30 Years of Emergency Law in Egypt, and Counting

On October 6, 1981, a state of emergency was declared in Egypt following the assassination of President Anwar El Sadat.

On October 6, 1981, a state of emergency was declared in Egypt following the assassination of President Anwar El Sadat. His successor, Hosni Mubarak, kept the emergency law in place for the next 30 years, using it to suppress dissent, quash opposition and give rise to a sprawling domestic security apparatus that committed rampant human rights abuses and nurtured a culture of government corruption, all for the sole purpose of keeping his regime in power.

Today, Mubarak is behind bars, forced out of office in a popular revolution that was driven in large part by contempt for the draconian law and the police state it helped spawn. Yet, eight months after the revolution began, Egypt is still under a state of emergency. In fact, its scope has been broadened by the Supreme Council of Armed Forces that came to power following Mubarak's ouster.

On September 10, the military council announced it would fully enforce the emergency law and added to it a new list of offenses, including "aggression against the freedom to work, sabotaging factories and holding up transport, blocking roads and deliberately publishing false news, statements or rumors."

"These changes are a major threat to the rights to freedom of expression, association and assembly, and the right to strike," says Philip Luther, Amnesty International's deputy director for the Middle East and North Africa. "We are looking at the most serious erosion of human rights in Egypt since Mubarak stepped down."

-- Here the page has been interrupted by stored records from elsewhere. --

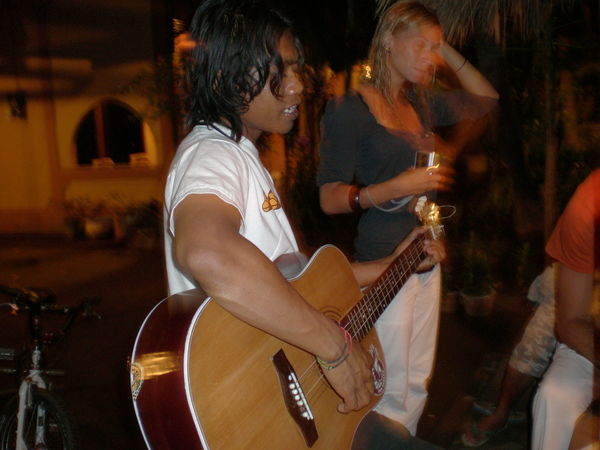 Gili local playing guitar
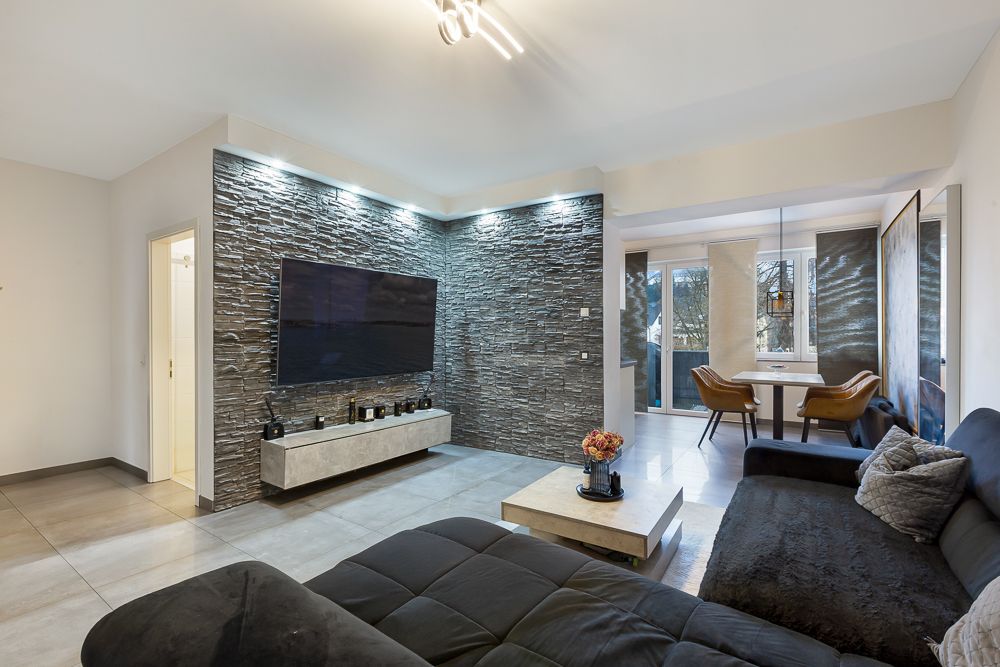 Modernes Wohnzimmer mit dunklem Sofa, TV an Steinwand und Esstisch mit Stühlen im Hintergrund.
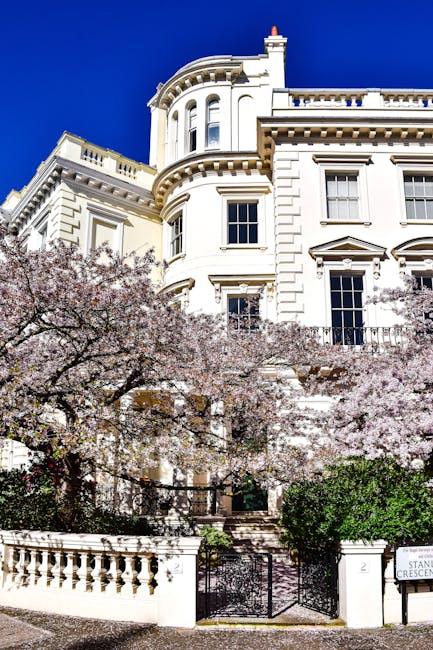 A large, elegant white Victorian-style house with ornate architectural details, multiple windows, and a curved corner tower situated in a residential area. In front of the property, there is a stone retaining wall with a decorative balustrade and a set of steps leading up to the entrance. Pink blossom trees with full, flowering branches partially obscure the lower part of the house, adding colour and charm. The driveway and pavement are visible at the front, with a black gate and a small sign indicating the street name. The bright blue sky provides clear lighting, highlighting the building's intricate mouldings and historic character. The setting suggests a quiet, upscale neighbourhood suitable for house relocations or home removals, as managed by [COMPANY_NAME], with an emphasis on careful handling and transport logistics.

The military council's emergency law decree was made in the wake of the storming of the Israeli embassy in Giza a day earlier, when protesters managed to break into one of the embassy's office floors as hundreds of police and army forces stationed around the corner did nothing to stop them. It was only after protesters attacked the local security headquarters that central security forces launched a crackdown that resulted in three people killed, over 100 arrested and more than 1,000 wounded.

Those arrested under the emergency law are tried before special courts known as (Emergency) Supreme State Security Courts, which, like military courts, violate the right to a fair trial and deny defendants the right to appeal, say human rights activists. The law also gives security forces virtually unrestrained powers of search, arrest and detention.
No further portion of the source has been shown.